Re: [ubl-security] Re: [ubl] Re: Making references

["G. Ken Holman" <gkholman@CraneSoftwrights.com>]

At 2009-12-23 16:17 +0100, Oriol Bausą wrote:
>El 23/12/2009, a las 14:57, G. Ken Holman escribió:
>>My only comment has to do with the identifiers 
>>for extensions.  I strongly feel we cannot 
>>impose any constraints on extension 
>>identifiers.  Their interpretation is solely 
>>for the management of extensions amongst other 
>>extensions.  I firmly believe 
>>ext:UBLExtension/cbc:ID values should not have 
>>any reflection on business objects of any kind, 
>>including signature objects.  It is scaffolding 
>>information, it is not business information.
>
>Hi Ken,
>
>In the actual document there is no use nor 
>reference to an extension identifier,

I agree because I didn't see one in the actual 
document, but that is not what I was referring to in my post.

>so your concern about the identifiers for extensions does not apply at all.

Forgive me, Oriol, but my recollection is that 
Roberto was expressing exactly that constraint in:

http://lists.oasis-open.org/archives/ubl-security/200912/msg00002.html
At 2009-12-01 19:57 +0100, JAVEST by Roberto Cisternino wrote:
>G. Ken Holman ha scritto:
>>At 2009-11-30 23:22 +0100, JAVEST by Roberto Cisternino wrote:
>>>I am not sure we are changing the meaning of the ext:UBLExtension/cbc:ID,
>>
>>Oh?  The definition currently reads:
>>
>>   "An identifier for the Extension assigned by 
>> the creator of the extension."
>>
>>... and that clearly states it is an identifier 
>>for the extension itself, not an identifier 
>>with another semantic for use within the 
>>extension.  It is extrinsic to the extension data.
>I see, but please try to see this case from the other side:
>1) The creator of the extension assignes a unique ID within extensions
>2) the ds:signature content is located into ext:ExtensionContent
>3) The creator of the extension copies the above 
>ID in the cac:Signature/cbc:ID as a valid Signature identifier

I disagreed with Roberto's proposal to work with 
the extension identifier, and I saw reference to that in Andrea's summary.

At 2009-12-23 16:17 +0100, Oriol Bausą wrote:
>The methods of linkage between the cac:Signature 
>component and the extension is two ways (release 0.1 of the document):

Yes, and in your citations there is no reference 
to the identifier of the extension.  Though 
regarding your citations, I personally have no 
desire to use XPointer as I cannot easily see how 
to support it using the tools I use.

And I believe I have refuted the following that you cited:

>·       <cbc:ID> MUST be present and its value 
>MUST be equal to the <ds:Signature> Id attribute 
>above mentioned.
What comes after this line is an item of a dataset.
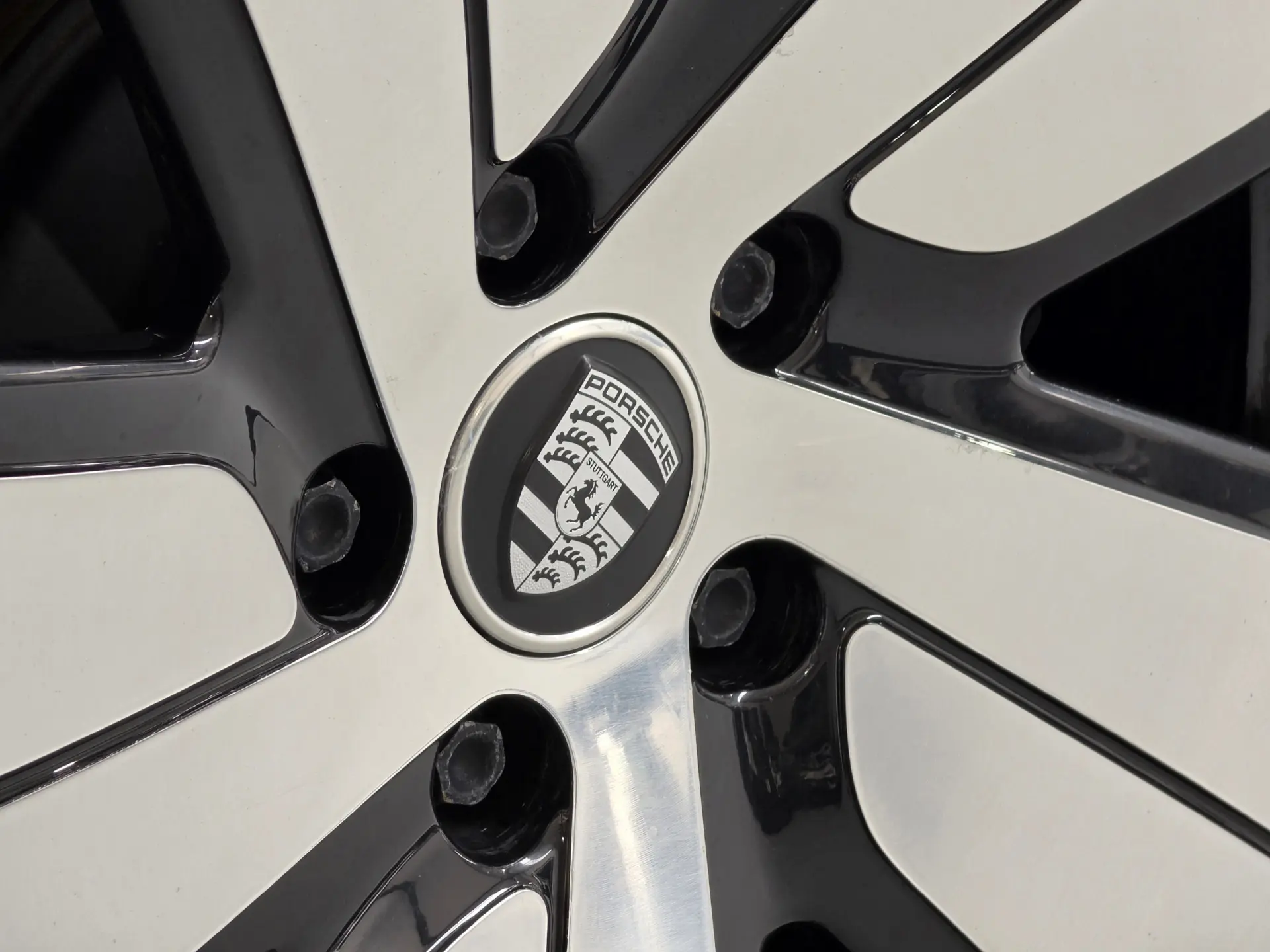 Porsche Taycan 4 15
This ID provides a simple way 
>to associate the cac:Signature metadata to the 
>effective digital signature details (see “AnySignatureID” in the above sample).
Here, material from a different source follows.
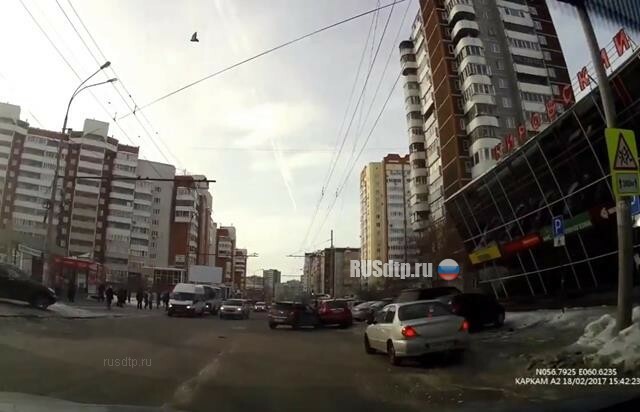 В Екатеринбурге пьяный водитель выписывал пируэты на дороге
..... because the lexical space for id= and the 
lexical space for cbc:ID are different, so it is 
possible to create a cbc:ID that cannot be 
expressed in an id= value.  Thus, by CCTS 
business object derivation, I suggested that 
there be an association between ds:Signature and 
a *sibling* cbc:ID under a new element, say, 
sig:Signature, to ensure that all lexical values 
used in association with cac:Signature can find 
equivalent values associated with ds:Signature:

    <sig:Signature>
      <cbc:ID>...</cbc:ID>
      <ds:Signature>
        .......
      </ds:Signature>
    </sig:Signature>

But I was carefully reading Andrea's wording here 
where I believe he made reference to Roberto's 
suggestion of explicitly employing the optional extension identifier:

At 2009-12-23 05:14 +0100, Andrea Caccia wrote:
>the ID inside the signature has the constraint 
>to be equal to the ID chosen for the extension.

...which is what I was uncomfortable with.  The 
ID chosen for the extension is chosen for 
extension scaffolding reasons and not for 
signature business reasons.  And it is optional 
and the user may not have need for an extension 
identifier.  And because it is scaffolding and 
not business, it has no role being constrained in 
a profile.  Profiles constrain the business objects, not the UBL scaffolding.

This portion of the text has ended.